The Other Oscar Changes Could Mean No Best Song Category

Filed under: Oscar Watch

In all the hullabaloo over the Academy of Motion Picture Arts and Sciences' decision to increase the Best Picture Oscar nominees from five to 10 next year, something else has gotten lost in the shuffle: They tinkered with the Best Song category, too. And the new rules mean that there could be a year with no Best Song category at all!

Here's how it works (with thanks to The Hollywood Reporter for some of the details). During the nomination process, the 233 members of the Academy's music branch rate each eligible song on a scale of 1 to 10. The five songs with the top average scores get the actual nomination, with 8.25 as the cutoff. If only three or four songs rate 8.25 or higher, that's all the nominations there are. But the question has always been: What if fewer than three songs get an average score of 8.25? So far, it hasn't come up, although you can see that it almost did last year, when there were only three nominees in the category. That means those were the only three songs that rated 8.25 or higher -- sorry, fans of Bruce Springsteen's "The Wrestler."

The Academy has now answered this loophole very simply. If two or more songs score higher than 8.25, then everything's cool. If only one song scores high enough, then that song and whatever the next highest scorer was will be the two lone nominees (and no one will know which had the lower score, because of course that would influence the voting). And if no songs score above 8.25? Then the category is scrapped that year.
Basically, the Academy is enforcing a baseline of quality -- to be nominated, a song must be at least this good. Of course, I wish they'd require the Best Song nominees to actually have been included IN the film, where they can affect tone and story, rather than merely over the closing credits, where they don't do anything.

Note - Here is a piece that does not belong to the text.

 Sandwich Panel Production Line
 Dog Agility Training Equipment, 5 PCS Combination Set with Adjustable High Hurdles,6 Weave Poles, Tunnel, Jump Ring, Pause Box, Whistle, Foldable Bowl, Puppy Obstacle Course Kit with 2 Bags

But that's just a crazy dream of mine.

(By the way, they've announced another slight change to the Oscar telecast, too. The non-competition awards -- lifetime achievement, Irving G. Thalberg Memorial Award, and Jean Hersholt Humanitarian Award -- will be given out not during the show but at a special dinner and ceremony held specifically for those awards three months earlier. That will allow the recipients to be lauded by their colleagues and get the full attention they deserve without taking up 20 minutes of the Oscar ceremony.)